Misleading times displayed in the flame graph, should show number of samples instead
Profile: https://share.firefox.dev/341Msw7
This is a profile where the profiler was not able to obtain a lot of samples. When hovering over boxes in the flame graph, I see some very large times displayed. It seems these times are computed by multiplying the sample percentage with the duration of the selected range? That's rather misleading. Let's display the raw sample counts instead.
Steps to reproduce:
- Load the profile. https://share.firefox.dev/341Msw7
- Hover the function NtGdiDdDDIMakeResident (in the middle at the top).
Expected results: The tooltip should display "22 samples (13%)", just as in the call tree.
Actual results: The tooltip displays "4,053ms (13ms)".

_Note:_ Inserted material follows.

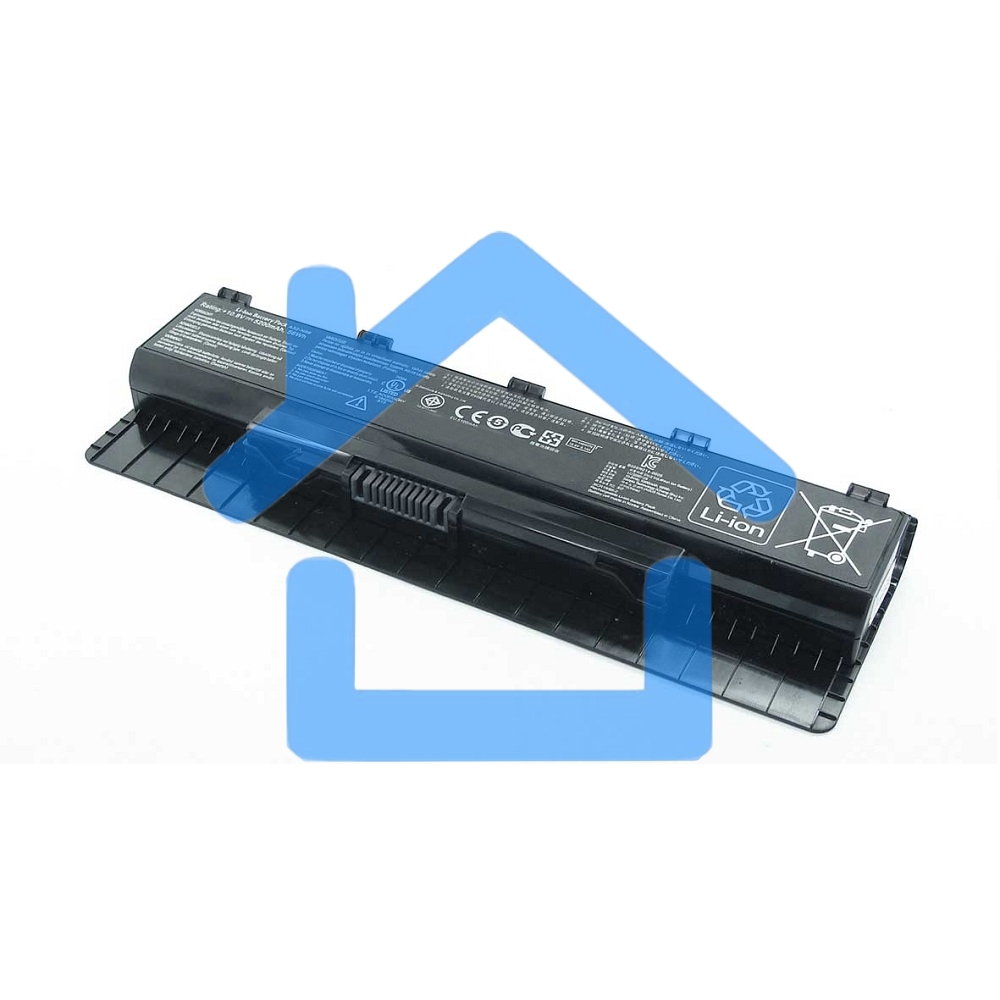 Аккумуляторная батарея для ноутбука Asus N56VB N56VJ 56Wh A32-N56 черный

Oh, I just saw that it actually does display the sample count in a table further down in the tooltip. This makes this problem less severe. Still, I think presenting the "made-up times" in the most prominent place is misleading, and it would be better to display the number we know (sample count) first.
@mstange can I try my hands on this?
I don't think this is ready to be worked on just yet. For now it's just my opinion; I would like to get input from others about how this problem should be solved.
I don't think this is ready to be worked on just yet. For now it's just my opinion; I would like to get input from others about how this problem should be solved.
Okay. I'll be waiting
I kinda like the times there, especially because this lets the Flame graph show values that match the Stack chart. But I understand your concern. I wonder if it would work if we included something giving a hint about the level of confidence people should have in the number, maybe something like "80% of samples missing in this interval"
I ran into this problem and it makes me question whether I know how to interpret the profiler or not. In particular, I noticed the flame graph visualization appears to be generated from the number of samples taken for a given function while the stack chart visualization is generated from the duration of the calls. For example, in my profile https://share.firefox.dev/3caTNy7, here's the flame graph:

And here's the associated stack chart:

This leads to some questions: why are they generated differently? Is one visualization more representative/trustworthy than the other and if so, which one? How is the call tree generated?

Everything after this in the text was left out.